Re: [PATCH 2/2] edac: add support for Amazon's Annapurna Labs EDAC

Mauro Carvalho Chehab <mchehab@xxxxxxxxxx> · Wed, 12 Jun 2019 08:42:13 -0300

Em Wed, 12 Jun 2019 13:00:39 +0200
Borislav Petkov <bp@xxxxxxxxx> escreveu:

> On Wed, Jun 12, 2019 at 07:42:42AM -0300, Mauro Carvalho Chehab wrote:
> > That's said, from the admin PoV, it makes sense to have a single
> > daemon that collect errors from all error sources and take the
> > needed actions.  
> 
> Doing recovery actions in userspace is too flaky. Daemon can get killed
> at any point in time and there are error types where you want to do
> recovery *before* you return to userspace.

Yeah, some actions would work a lot better at Kernelspace.

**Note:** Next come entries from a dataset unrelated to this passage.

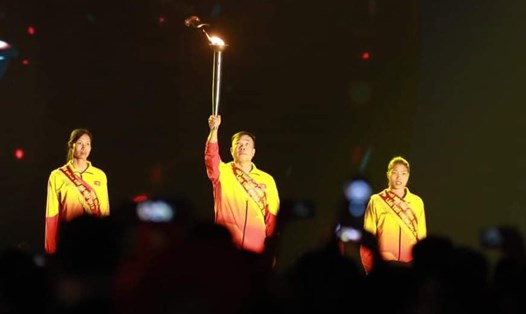 Xạ thủ Hoàng Xuân Vinh và các VĐV tiêu biểu thực hiện nghi lễ thắp đài lửa đại hội. Ảnh: VGP
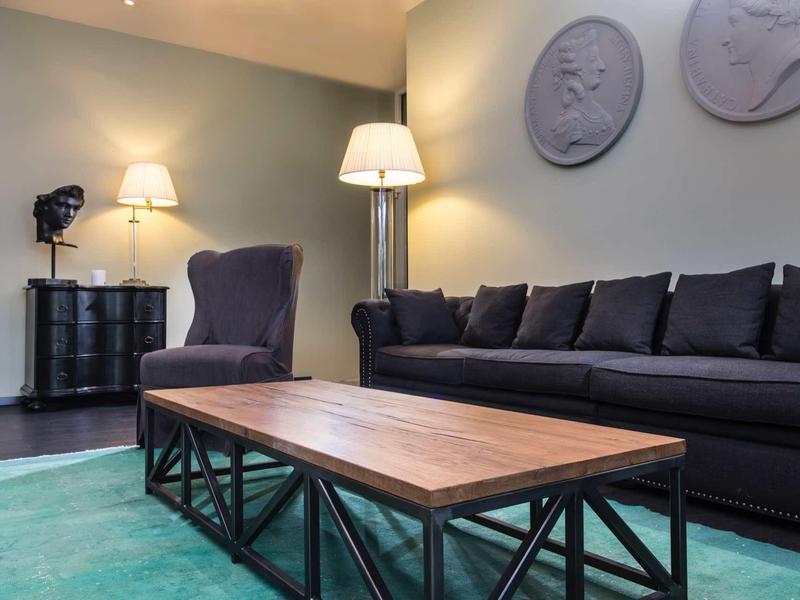 Moderner Wohnraum mit schwarzem Sofa, Holztisch auf Metallgestell und zwei runden Wanddekorationen.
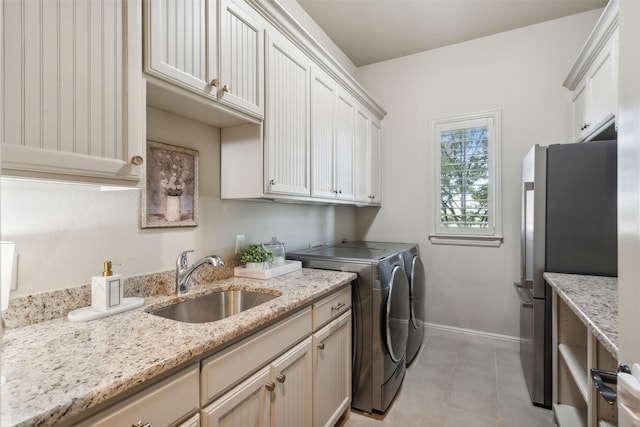 clothes washing area featuring washing machine and clothes dryer, light tile patterned flooring, cabinets, and sink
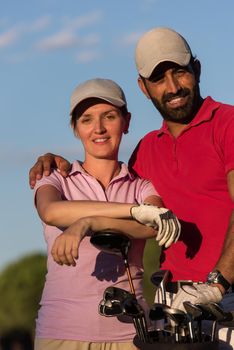 portrait of happy young  couple on golf course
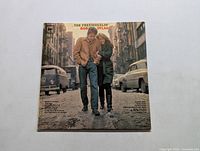 Front cover of The Freewheelin Bob Dylan LP showing Bob Dylan and woman walking on street with old cars, visible wear on corners and surface.
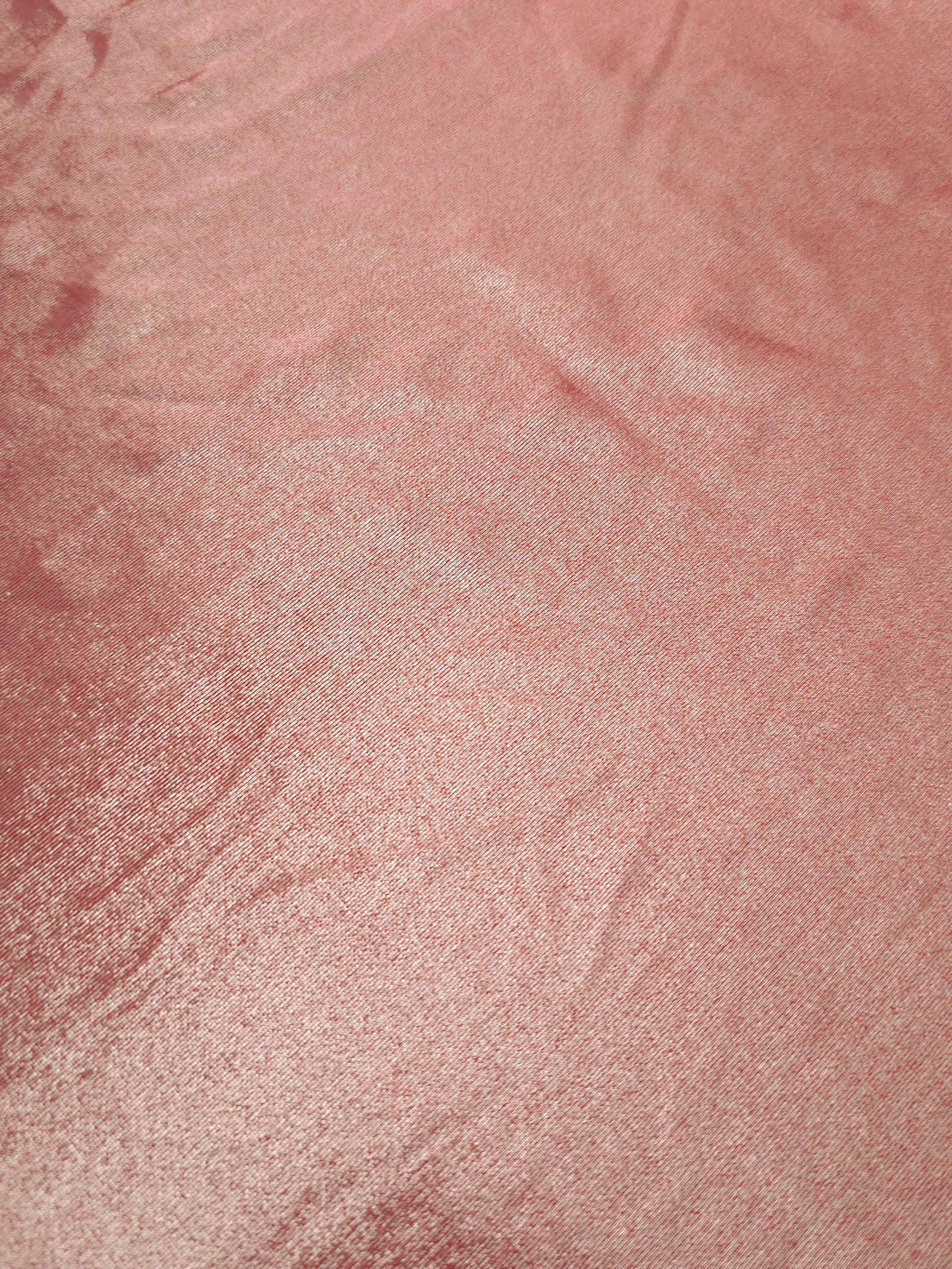 Dusty Peach Pink foiled stretch fabric texture close-up, displaying metallic reflection and fine surface character for apparel design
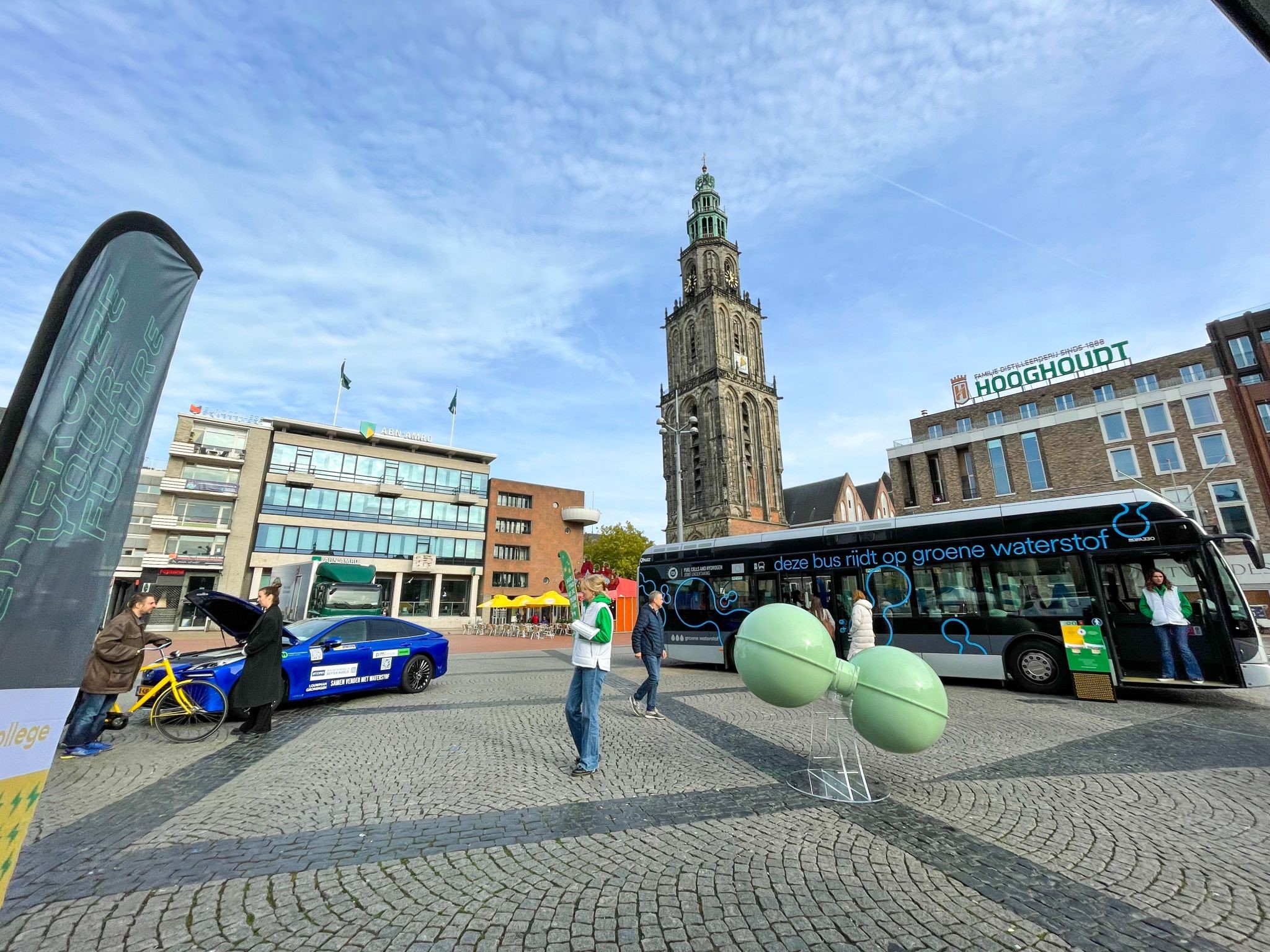 Mensen verkennen innovaties rondom waterstoftechnologie in openbaar plein in Groningen met bus en model centraal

Yet, some
actions would work a lot better if implemented on userspace.

For example, a server with multiple network interfaces may re-route
the traffic to a backup interface if the main one has too many errors.

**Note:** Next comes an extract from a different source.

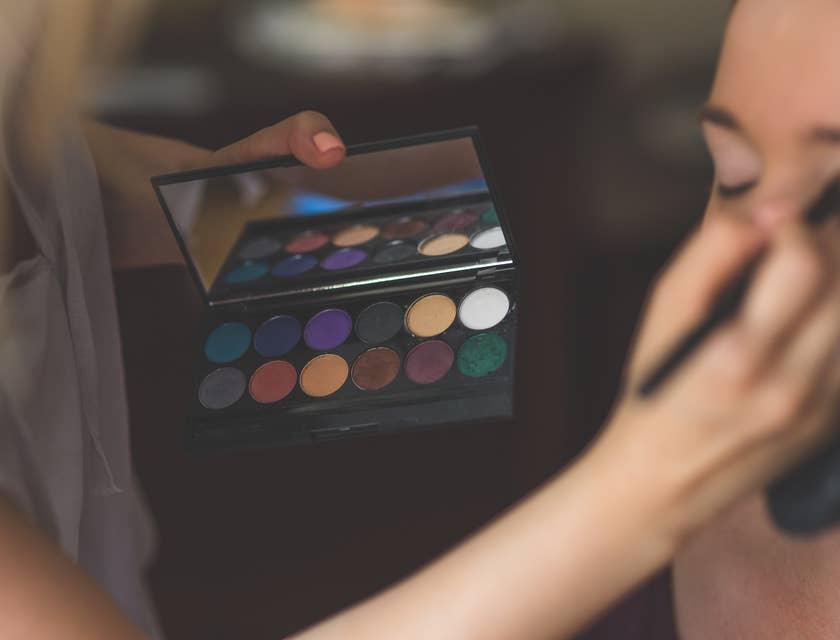 Makeup Artist applying eyeshadow on a client.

This can easily be done on userspace.

> Yes, we do have different error reporting facilities but I still think
> that concentrating all the error information needed in order to do
> proper recovery action is the better approach here. And make that part
> of the kernel so that it is robust. Userspace can still configure it and
> so on.

If the error reporting facilities are for the same hardware "group"
(like the machine's memory controllers), I agree with you: it makes
sense to have a single driver. 

If they are for completely independent hardware then implementing
as separate drivers would work equally well, with the advantage of
making easier to maintain and make it generic enough to support
different vendors using the same IP block.

Thanks,
Mauro